È importante indicare con esattezza quando è stato eseguito il profilo e le coordinate GPS precise del luogo in cui sono stati raccolti i dati, che solo così possono essere inquadrati correttamente. I profili stratigrafici “vecchi” (p.es. raccolti prima di una nevicata o di un lungo episodio di vento) sono poco utili per valutare la situazione attuale. 

Insieme alla morfologia del terreno (mappa), esposizione e altitudine forniscono indicazioni su dove ci si può aspettare di trovare una struttura del manto simile a quella descritta. 

Con le condizioni meteo si forniscono informazioni sulla temperatura, il vento e le precipitazioni sul luogo e al momento in cui è stato effettuato il profilo stratigrafico. 

In combinazione con l’esposizione e l’orario, la temperatura sulla superficie del manto (asse X) fornisce indicazioni sul fatto che questa resti asciutta oppure bagnata, sugli effetti dell’irraggiamento e sulla possibilità di eventuali fenomeni metamorfici costruttivi. 

Sull’asse Y si possono derivare l’altezza della neve, la posizione degli strati deboli e lo spessore della lastra. 

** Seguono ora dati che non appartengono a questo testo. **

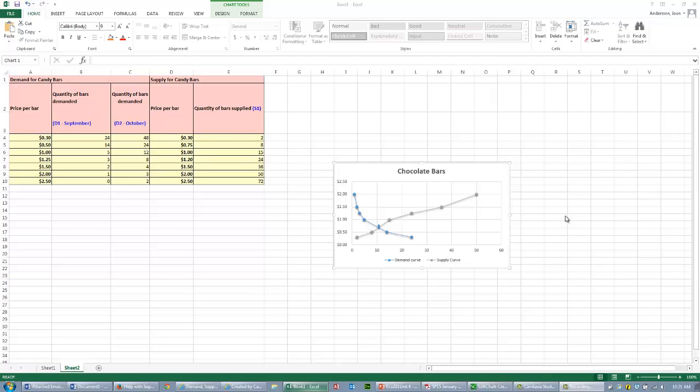For the second part of the question, demand is going to have an increase. We're looking at an increase in demand or change in demand, or the shift right of the demand curve. Your final graph should have a shift right of the demand curve.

Il grado di durezza è un fattore determinante per la profondità di affondamento, la qualità della neve e le proprietà della lastra: maggiore è la durezza, più facilmente si propagherà una rottura, ma più difficilmente avverrà il distacco della lastra. 

Prendendo come riferimento la curva di temperatura, è in parte possibile dedurre i processi all’interno del manto nevoso, per esempio si può capire se ci sia un alto gradiente di temperatura in grado di favorire il metamorfismo costruttivo (formazione di strati deboli su croste sottili, formazione di strati deboli superficiali che potrebbero poi diventare pericolosi ecc.). Un basso gradiente di temperatura favorisce invece il metamorfismo distruttivo del manto nevoso. Se il manto nevoso è già isotermico, ovvero ha una temperatura uniforme in ogni punto compresa tra -2 °C e 0 °C, ci si deve aspettare un problema di neve bagnata.  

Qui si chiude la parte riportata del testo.